В глубине Матерь-горы лилась музыка, живая, будто вода, и невесомая, словно туман. Только не удавалось понять, кто пел и о чем. Малика вздохнула и неспешно обернулась, чтобы воротиться назад, к Кригге. Она не заметила, что ее собственная тень на стене была огромной и черной, похожей на тень сгорбленный старухи, хотя княжна держала спину прямо.
Топор со столаVII
Хортим устало запрокинул голову – над ним стягивались облака. Сизые вихры на светлом утреннем небе. Изо рта вспорхнуло облачко пара: кажется, в Девятиозерном городе было холодно, очень холодно, только сейчас грудь Хортима горела, а наполовину расстегнутая рубаха липла к спине. Князь скинул все верхние одежды.
– Эй, Горбович! – весело крикнул Чуеслав. – Живой?
«Славно бьешь, сын кожемяки». Хортим убрал с лица взмокшие черные пряди и разогнулся: не все его дружине пировать. Чуеслав Вышатич позвал их размяться на собственном ратном дворе – липовом мостке размером с добротный дом. Тот, как и все улочки в Девятиозерном городе, едва покачивался на дымящейся студеной воде. Хортиму и так было непросто, а тут еще земля норовила уйти из-под ног.
– Живой, – криво усмехнулся он. – Что со мной станется?
Звон оружия – к беде, так решил Чуеслав Вышатич, и оттого все воины бились на кулаках. В дружеском поединке князь вышел против князя, и Хортим оказался не в лучшем положении. У сына кожемяки кулаки были пудовые, да и сам он – коренастый и крепкий, пышущий здоровьем. Расставив ноги, Чуеслав твердо стоял на покачивающемся мостке, миролюбиво улыбался и откидывал за спину толстую темную косу. А еще бил так, что у Хортима в ушах звенело, хотя чувствовалось, что озерный князь берег гостя и сражался не в полную силу. Чуеслав был обнажен по пояс – Хортим, до сей поры остерегавшийся морозного воздуха, понял, насколько это мудрое решение. Поэтому рывком содрал собственную потную рубаху, смял и кинул куда-то под ноги соратникам. А потом глубоко выдохнул:
– Ну, давай.
Рядом с Чуеславом он казался тщедушным мальчишкой. У Хортима – узкое жилистое тело, наполовину изуродованное драконьим огнем: кожа бугрилась и морщилась. Страшные рубцы шли от лица до живота и бока, испещряли руку, делая ее похожей на старческую. Да и искусным воином Хортим не слыл, но ему не хотелось позориться перед ратниками, которые сидели кто на краю мостка, кто на крыльце дружинного дома.
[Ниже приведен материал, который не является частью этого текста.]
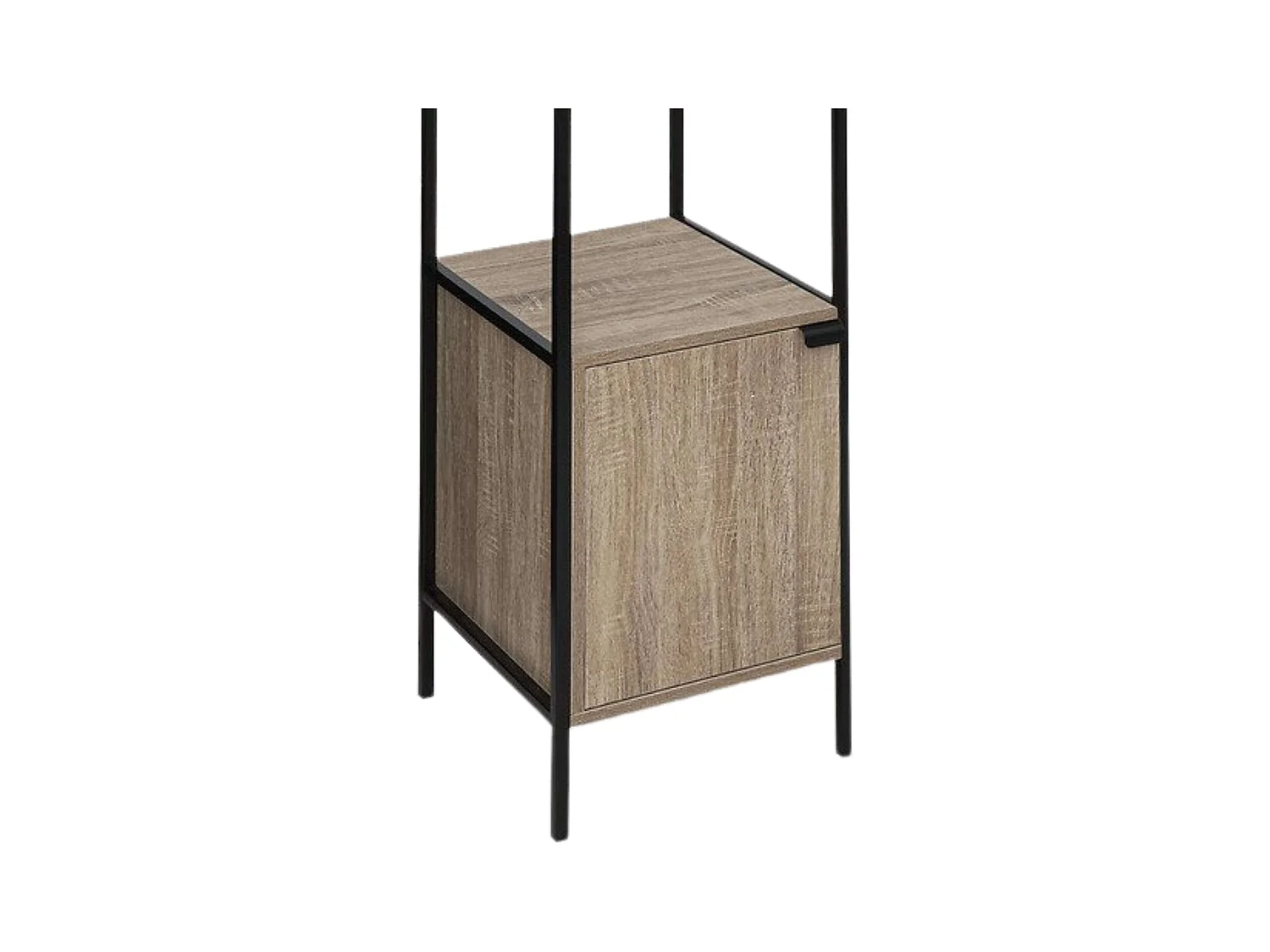 Étagère Design 1 Porte "Aliaj" 176cm Naturel & Noir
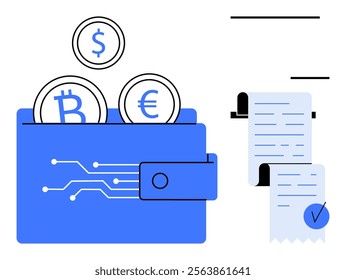 Digital wallet containing Bitcoin, Dollar, and Euro coins alongside a receipt. Ideal for cryptocurrency transactions, digital payments, financial management, online shopping, and bookkeeping. Flat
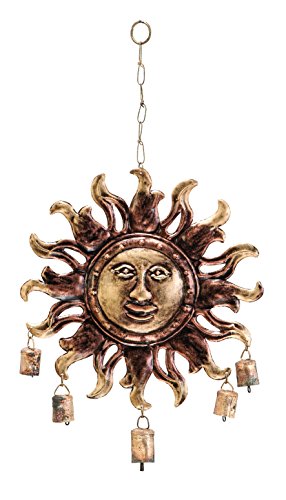Benzara Metal Sunface Windchime in Modern Age Fashion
Он нырнул под кулак и нанес Чуеславу удар под дых. Хотя что у Хортима были за пальцы – тонкокостные, длинные, еще хранившие отпечаток былой холености. Сколько ни стирай об весла – не исправишь. Такими руками бы не соперника молотить, а сжимать золотой княжеский жезл, но эти мысли были пустыми и ненужными: Чуеслав едва не поймал Хортима в захват. Тот выскользнул чудом и покачнулся, будто подрубленное дерево.
«Неправильно делаешь», – одернул себя Хортим. Переступил босыми ногами, вскинул раскрасневшееся лицо и выдохнул в морозное небо. Смоляные пряди мазнули по блестящей спине. Скоростью он не возьмет – Чуеслав ловчее. На следующий раз поймает, развернет его одним резким ударом в плечо и перехватит у горла так, что Хортим уткнется в сгиб его локтя породистым горбатым носом. Про силу и говорить нечего – оставалась только сообразительность, но что тут придумаешь?